Mit diesem Gleichnis überraschte Masashi MATSUMOTO, 8. Dan Kyoshi, die Teilnehmer des Kangeiko 2015 in Lindow zu Beginn einer Trainingseinheit. Für MATSUMOTO Sensei, der bereits 2003/04 als Bundestrainer in Deutschland zu Besuch war, und dem mit Maya OSAKI, 7 Dan Kyoshi, eine hervorragende Assistentin zur Seite stand, lässt sich die Legende des Schwertvergleichs auf das heutige Kendo und die Übenden übertragen. Die Legende hat einen historischen Hintergrund. Sie geht zurück auf die beiden Schwertschmiedemeister MURAMASA und MASAMUNE, die tatsächlich – aber zu unterschiedlichen Zeiten gelebt und gewirkt haben. MURAMASA galt zu Lebzeiten während der Muromachi-Zeit (14. – 16. Jh.) als unbeherrscht und sadistisch. Diese Charaktereigenschaften sollen sich auf seine Schwertklingen übertragen haben. MASAMUNE, lebte rund 300 Jahre zuvor. Er galt als einfühlsamer und gelassener Mensch, der sein Handwerk stets zu vervollkommnen suchte. Tatsächlich findet sich eine Analogie zu der Geschichte und der Legende in den Grundgedanken des alljapanischen Kendo Verbandes, die 1975 formuliert wurden: „…Die Übung des Kendo hat den Vorsatz, Geist und Körper zu formen, eine starke Seele zu entwickeln, durch strenges Üben Fortschritt in der Kunst des Kendo anzustreben, Höflichkeit und Ehre des Menschen zu achten, mit anderen aufrichtig umzugehen und unaufhörlich die persönliche Weiterentwicklung zu verfolgen. So wird man fähig, sein Land und die Gesellschaft zu lieben, zur Entwicklung der Kultur beizutragen sowie Frieden und Wohlergehen unter allen Völkern zu fördern.“ (ZNKR, 1975)
Für die rund 150 Teilnehmer des Wintertrainingslagers des DKenB mag es ganz unterschiedliche Motivationen zum Besuch in Lindow gegeben haben.
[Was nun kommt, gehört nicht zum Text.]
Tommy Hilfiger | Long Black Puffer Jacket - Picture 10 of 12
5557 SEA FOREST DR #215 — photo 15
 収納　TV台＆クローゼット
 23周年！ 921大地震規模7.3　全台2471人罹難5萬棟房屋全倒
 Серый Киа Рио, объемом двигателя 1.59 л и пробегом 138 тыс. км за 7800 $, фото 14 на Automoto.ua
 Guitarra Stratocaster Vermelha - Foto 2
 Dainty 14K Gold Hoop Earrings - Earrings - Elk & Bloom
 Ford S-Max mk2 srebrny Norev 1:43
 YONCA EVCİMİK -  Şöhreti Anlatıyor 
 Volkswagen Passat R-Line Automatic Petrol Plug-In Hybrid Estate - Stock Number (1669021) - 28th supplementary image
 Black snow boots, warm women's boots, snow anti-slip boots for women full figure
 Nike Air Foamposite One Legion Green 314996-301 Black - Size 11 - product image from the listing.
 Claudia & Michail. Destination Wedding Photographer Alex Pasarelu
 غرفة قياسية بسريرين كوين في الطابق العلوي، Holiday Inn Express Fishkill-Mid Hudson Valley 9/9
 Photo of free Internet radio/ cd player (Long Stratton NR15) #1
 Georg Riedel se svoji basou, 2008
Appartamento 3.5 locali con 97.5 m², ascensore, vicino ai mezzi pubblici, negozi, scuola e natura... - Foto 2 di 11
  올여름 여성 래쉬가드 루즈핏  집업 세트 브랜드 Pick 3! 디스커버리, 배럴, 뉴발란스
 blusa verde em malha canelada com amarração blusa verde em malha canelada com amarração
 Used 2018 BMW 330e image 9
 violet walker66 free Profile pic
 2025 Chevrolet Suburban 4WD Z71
Sei es, sich für die Nationalmannschaft zu qualifizieren, deren Training auch in diesem Jahr Hiromitsu SATO, 7. Dan Kyoshi, übernahm, oder sich für die Dan Prüfung vorzubereiten. Für die Kenshi erschloss sich der Sinn des Vortrages von MATSUMOTO Sensei fast wie von selbst. Das fordernde Training, das traditionell bereits um 06:30 Uhr beginnt, was für den einen oder anderen an sich schon eine besonders harte Probe darstellt, schweißt zusammen. Und es macht immer wieder deutlich, dass es nicht einfach darum geht, einen Gegner zu besiegen, sondern von ihm zu lernen und sich vielleicht auch selbst zu besiegen, also die eignen Schwächen abzustellen.
Schon die Jüngsten, die unter der Leitung von Akihiko TSUNESHI, 7. Dan Kyoshi, trainierten, bemerkten, dass man beim Kendo nicht nur Kampftechniken erlernt. Viele neue Bekanntschaften und Freundschaften wurden geschlossen, die weit über das Trainingslager hinaus reichen werden. Auch wenn die Kinder und Jugendlichen den Vortrag von MATSUMOTO Sensei nicht hören konnten, sind sie eine Art natürliche Botschafter des Gedankens, der dafür steht, dass Kendo mehr ist als Sport – so wie ein Schwert eben mehr sein kann als eine scharfe, alles zerschneidende Klinge.